• **WORK TO BE COMPLETED**:
Return, with both end lines included, exactly what the data below holds from the line with "FORD MUSTANG image 3" through the line with "Двухместный номер Deluxe", though not the pictures.
**** ENTRIES SHOWN ****
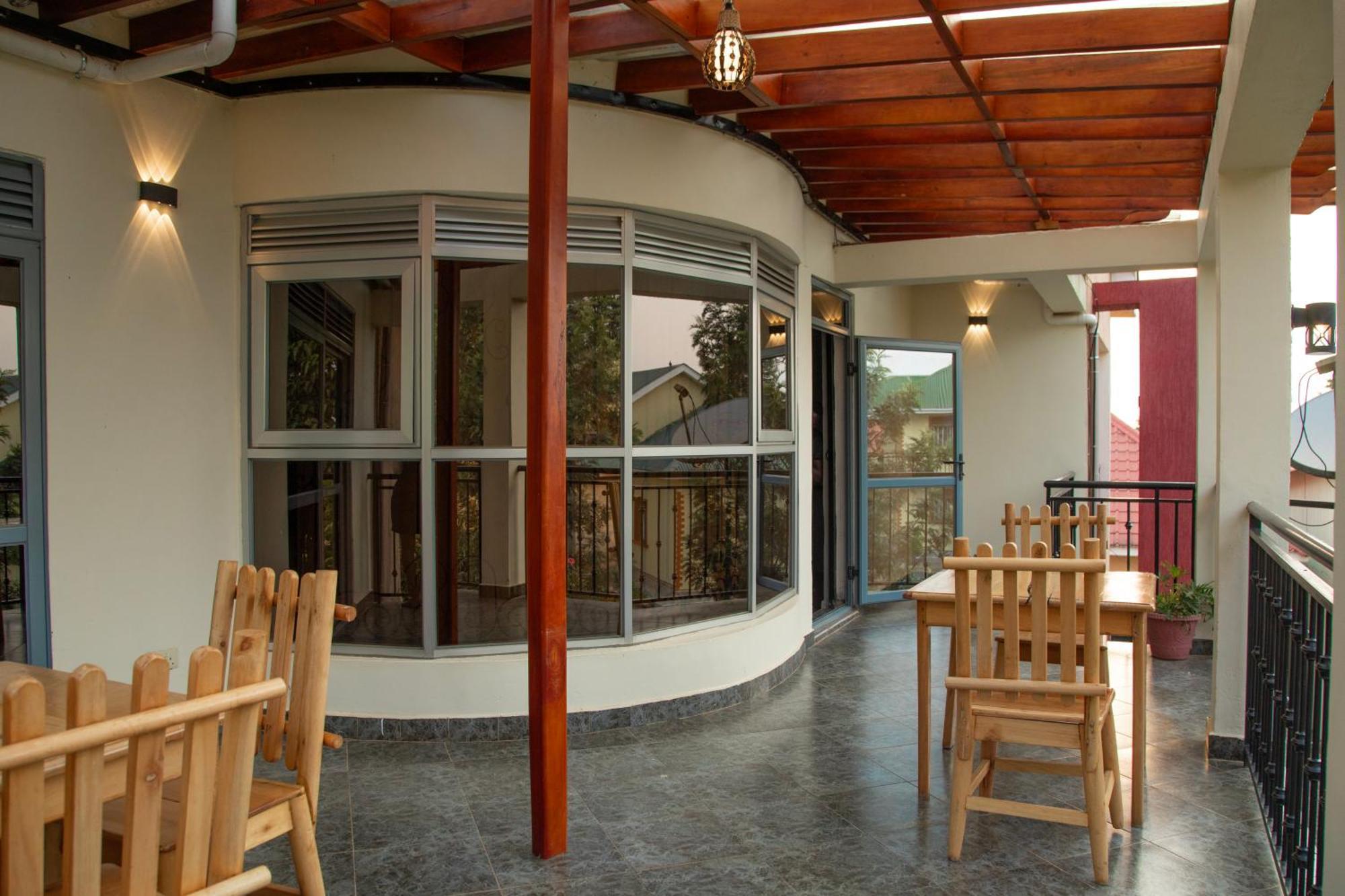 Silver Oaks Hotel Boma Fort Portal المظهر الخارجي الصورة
****
**** ENTRIES SHOWN ****
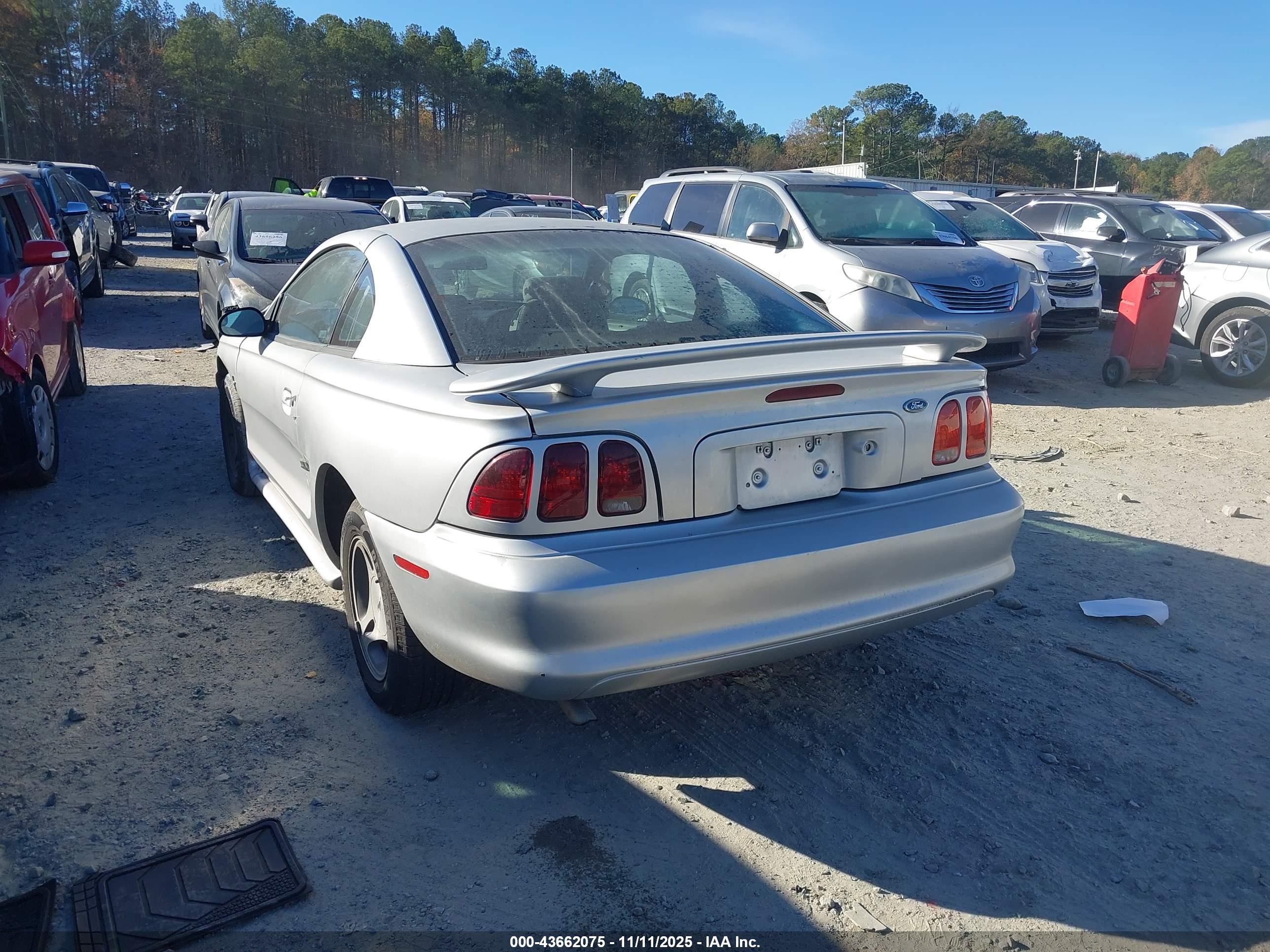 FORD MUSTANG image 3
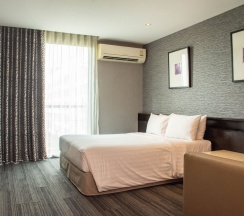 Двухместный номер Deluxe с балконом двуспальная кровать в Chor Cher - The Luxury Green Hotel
****
• **RESULT OF THIS EXERCISE**:
 FORD MUSTANG image 3
 Двухместный номер Deluxe с балконом двуспальная кровать в Chor Cher - The Luxury Green Hotel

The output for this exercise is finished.